Fields discard_unknown and use_proto_names added to the protobuf processors.

Fixed

Bloblang error messages for bad function/method names or parameters should now be improved in mappings that use shorthand for root = ....
All redis components now support usernames within the configured URL for authentication.
The protobuf processor now supports targetting nested types from proto files.
The schema_registry_encode and schema_registry_decode processors should no longer double escape URL unsafe characters within subjects when querying their latest versions.

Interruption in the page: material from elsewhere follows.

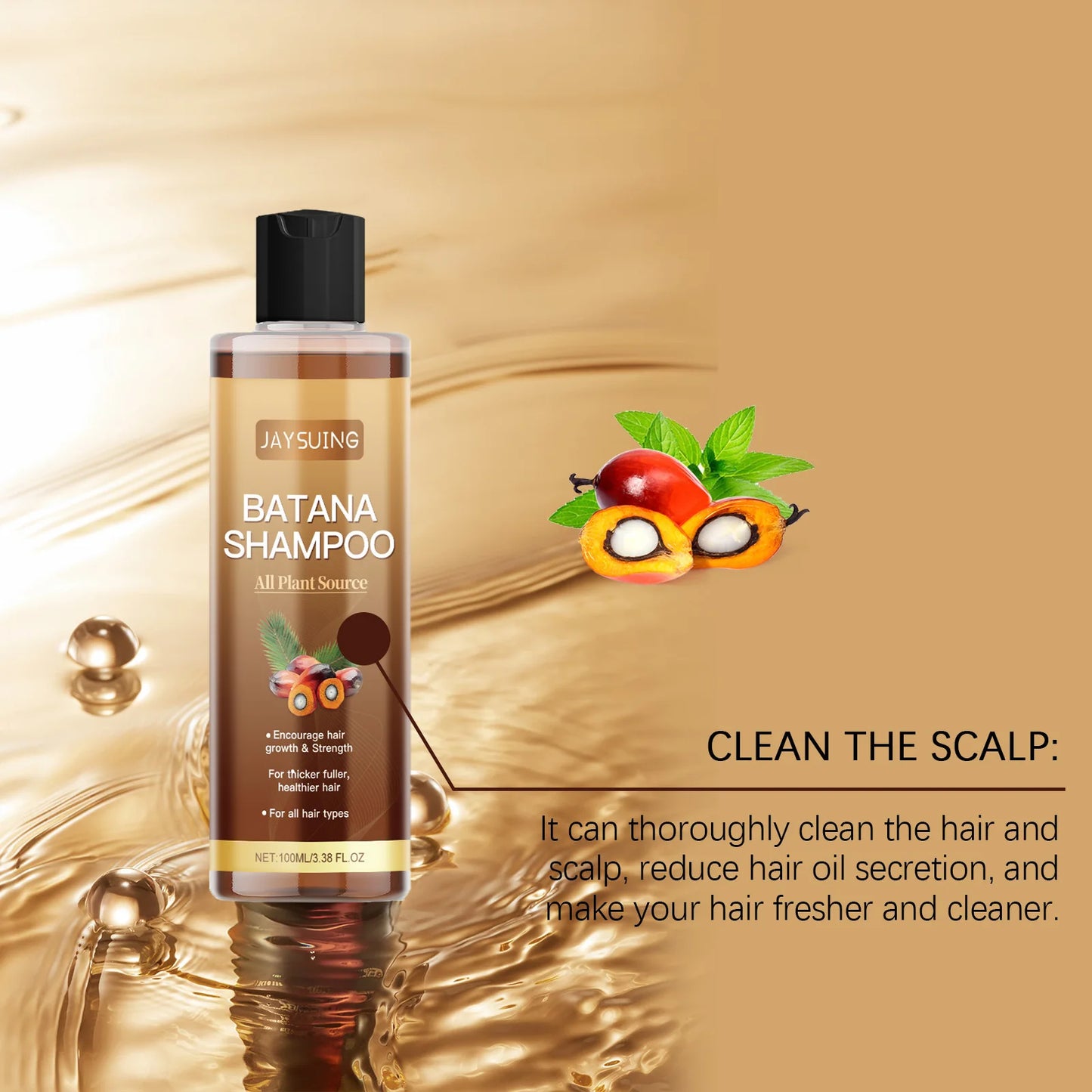 Shampoing pour cheveux Batana, nettoyage du cuir chevelu, réparation des extrémités fendues, contrôle de l'huile, nourrissant, hydratant, rafraîchissant, lisse, renforcement des cheveux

The full change log can be found here.

`v4.23.0`

Compare Source

For installation instructions check out the getting started guide.

Added

The amqp_0_9 output now supports dynamic interpolation functions within the exchange field.
Field custom_topic_creation added to the kafka output.
New Bloblang method ts_sub.
The Bloblang method abs now supports integers in and integers out.
Experimental extract_tracing_map field added to the nats, nats_jetstream and nats_stream inputs.
Experimental inject_tracing_map field added to the nats, nats_jetstream and nats_stream outputs.
New _fail_fast variants for the broker output fan_out and fan_out_sequential patterns.
Field summary_quantiles_objectives added to the prometheus metrics exporter.
The metric processor now supports floating point values for counter_by and gauge types.

Fixed

Allow labels on caches and rate limit resources when writing configs in CUE.
Go API: log/slog loggers injected into a stream builder via StreamBuilder.SetLogger should now respect formatting strings.
All Azure components now support container SAS tokens for authentication.
The kafka_franz input now provides properly typed metadata values.
The trino driver for the various sql_* components no longer panics when trying to insert nulls.
The http_client input no longer sends a phantom request body on subsequent requests when an empty payload is specified.
The schema_registry_encode and schema_registry_decode processors should no longer fail to obtain schemas containing slashes (or other URL path unfriendly characters).
The parse_log processor no longer extracts structured fields that are incompatible with Bloblang mappings.
Fixed occurrences where Bloblang would fail to recognise float32 values.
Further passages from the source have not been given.